Vicarage Cliff is nice but the approach is somewhat adventurous. I abbed down and left the rope in place rather than braving the hand over hand on the fishermans rope and the steep muddy path.
Shanghai La at Baggy is great.
Liars Dice at Hound Tor is short with good gear but it's bite is definitely worse than it's bark. You'll know what I mean halfway up and onwards....
At VS 4b Raven Wing on Low Man is one of the undersung gems of The Moor. Great climbing, great gear. At least two stars. Levitation at HS on the right hand side is also good but always freaks me out (after the crux oddly). The step across can leave some doomed for hours. Just go for it! The cheeky side of me also recommends Honeymoon Corner......!!!!!!

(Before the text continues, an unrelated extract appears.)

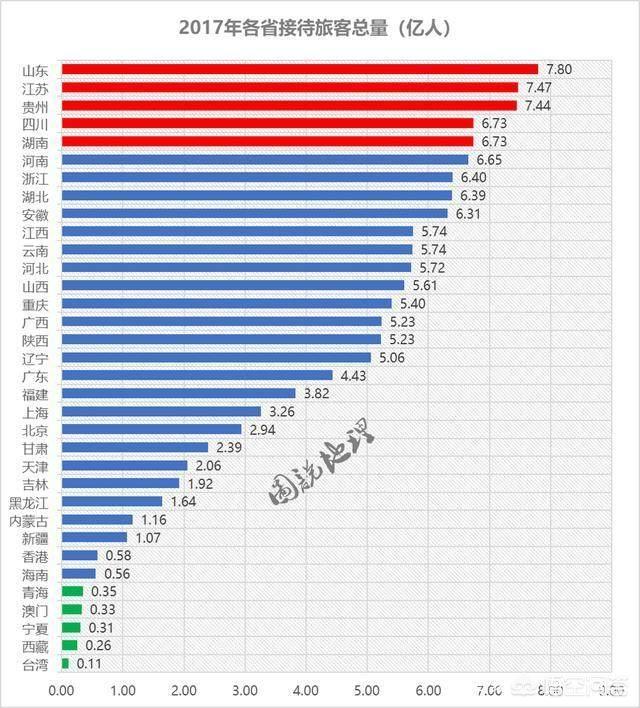 中國有34個省級行政區(qū)，不比經濟只看旅游，你認為誰能排名第一？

Eagles Nest at Luckey Tor is great fun at a crag in a beautiful setting. It's worth the walk from Dartmeet with swimming in the pools in August and September.

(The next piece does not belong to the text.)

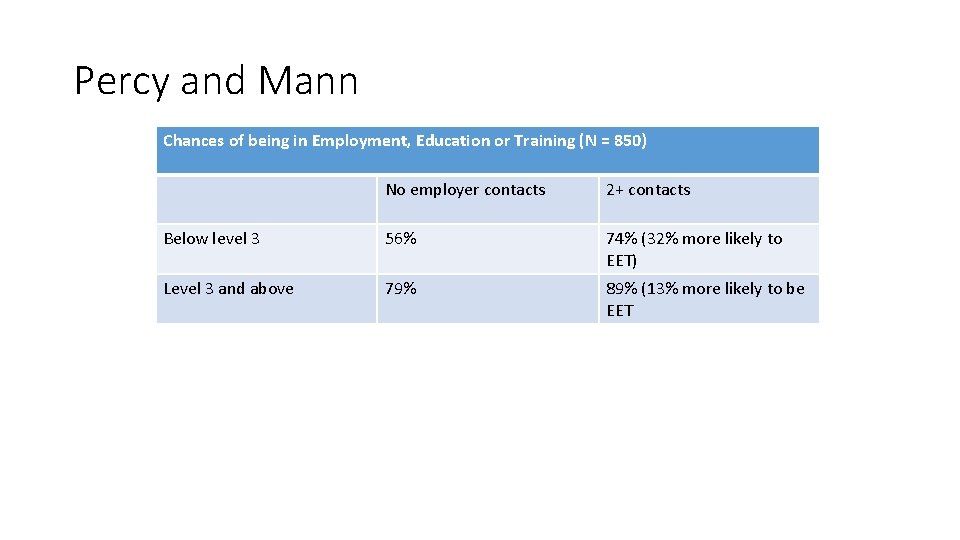 Percy and Mann Chances of being in Employment, Education or Training (N = 850)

Workers Wall, Danedelion, Overhang Crack, Burdock etc at Sheepstor are good fun. As is Slanting Crack although that needs a committed approach and no faff with gear until after the crux.
But The Moors are not that welcoming in the autumn and winter for routes....
Red Walls at Berry Head has two nice HSs. Chastity Corner is great with a comedy and improbable starting sequence and sustained interest (which is why Rockfax might have given it VS I now see - bloody grade creep, thank God). Binky is not that well protected though.
Have fun.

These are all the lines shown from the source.